As Christmastime approaches, the families that applied for aid are notified of where and when to show up to get their clothes, toys, books, and games. By its very nature, the Angel Tree program is more uncertain than Toys for Tots since a tag may or may not be picked, it may or may not be lost, it might be picked and simply forgotten about, etc. In any case, if a bag of clothes gets returned along with the tag before the submission deadline, the parents are notified that clothes are there for them to pick up, too.
A little history on my part. As a kid, I had been on the receiving end of charities like this, although not this one in particular. Church handouts, government assistance - stuff like that. The why's and wherefores aren't important, and it wasn't all that horrible. As with most kids I wasn't really plugged in to the family finances, but even as I look back I can't justify the logic of having had both cable TV and government cheese in the same house.
The point is I now choose to do some volunteer work now and then to close the karmic loop a little and to show my three-year-old son that no man is an island.
I have no illusion about the role "dumb luck" plays in the events in someone's life, for better or for worse. I mean, sure, we are all the sum total of the key decisions we make, but each of these decisions is tied to the next by the most tenuous, gossamer thread imaginable. If you were to go back and give any one of these threads the tiniest of pulls you would yank everything out of alignment in a nearly random fashion and the whole thing would come crashing down around your ears.
But the most frightening part of that is that you don't get to control these threads holding life's events together.

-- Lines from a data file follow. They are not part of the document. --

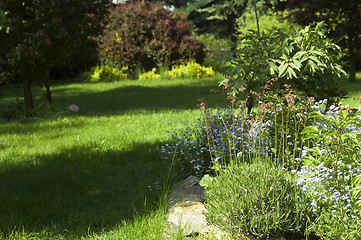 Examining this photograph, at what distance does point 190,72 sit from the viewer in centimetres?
1814

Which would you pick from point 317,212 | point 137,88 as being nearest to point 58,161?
point 317,212

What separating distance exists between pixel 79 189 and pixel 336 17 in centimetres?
1304

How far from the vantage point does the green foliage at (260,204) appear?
311 centimetres

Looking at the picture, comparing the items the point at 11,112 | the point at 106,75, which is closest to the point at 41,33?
the point at 11,112

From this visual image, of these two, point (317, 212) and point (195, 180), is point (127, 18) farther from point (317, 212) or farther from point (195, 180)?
point (317, 212)

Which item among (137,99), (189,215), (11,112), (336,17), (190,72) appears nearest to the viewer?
(189,215)

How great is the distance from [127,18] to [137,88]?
5938mm

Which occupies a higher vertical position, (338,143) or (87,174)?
(338,143)

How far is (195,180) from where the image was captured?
446 centimetres

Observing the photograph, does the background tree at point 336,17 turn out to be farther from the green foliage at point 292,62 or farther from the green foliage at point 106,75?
the green foliage at point 292,62

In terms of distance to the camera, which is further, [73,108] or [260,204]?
[73,108]

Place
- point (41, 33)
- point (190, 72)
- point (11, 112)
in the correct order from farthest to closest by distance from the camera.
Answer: point (190, 72) < point (11, 112) < point (41, 33)

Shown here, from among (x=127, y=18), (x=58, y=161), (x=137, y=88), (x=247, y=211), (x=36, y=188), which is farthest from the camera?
(x=127, y=18)

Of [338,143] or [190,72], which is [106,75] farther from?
[338,143] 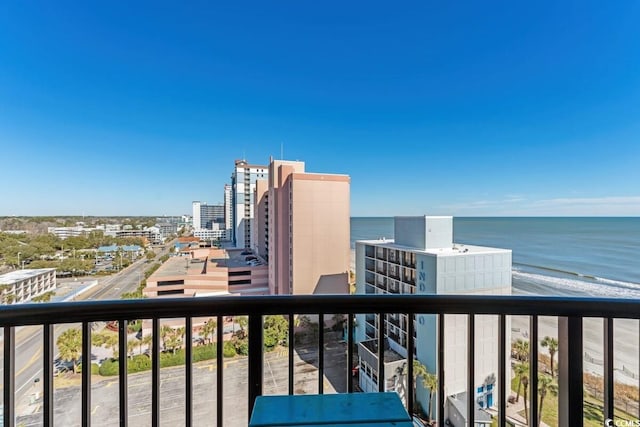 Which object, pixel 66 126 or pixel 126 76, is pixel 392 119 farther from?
pixel 66 126

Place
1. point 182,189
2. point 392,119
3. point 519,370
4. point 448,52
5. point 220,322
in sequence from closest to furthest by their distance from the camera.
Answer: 1. point 220,322
2. point 519,370
3. point 448,52
4. point 392,119
5. point 182,189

Hell, most of the time you don't even get to know they are even there until you look back over your life and appreciate how ridiculously improbable the particular sequence of events that have led up to build Now-You actually is.
I will go as far as to say I can convince myself that I would literally not have anything I have now (most importantly my wonderful wife and child) if it weren't for the fact my sister and a friend of hers intentionally left an unsmoked cigarette in an ashtray twenty some odd years ago. I chose to smoke it (my first cigarette, it was) and here I am today, writing this paragraph. The chain goes something like: if I left it be, I would not have had anything in common with certain high-school friends, I would never have been convinced to join the military, I never would have gotten the G.I. Bill, moved to the area, met my wife-to-be, etc, etc.
So, yes, I understand and appreciate "dumb luck".
However, to those unaccustomed to hard work and the making of measured decisions and who instead prefer to wear inertia around like a comfortable pair of well-worn sneakers, the achievements of others through their efforts can be dismissed as "luck", too. Not only does this provide those folks with a certain amount of comfort for making horrible choices (it's not their fault, after all), it also gives them a reason to never make new choices at all (because success is only achievable to those who have been helped or are lucky).
You have to admit that this is an excellent survival strategy but it only works in the long term if others are around to pick up the slack.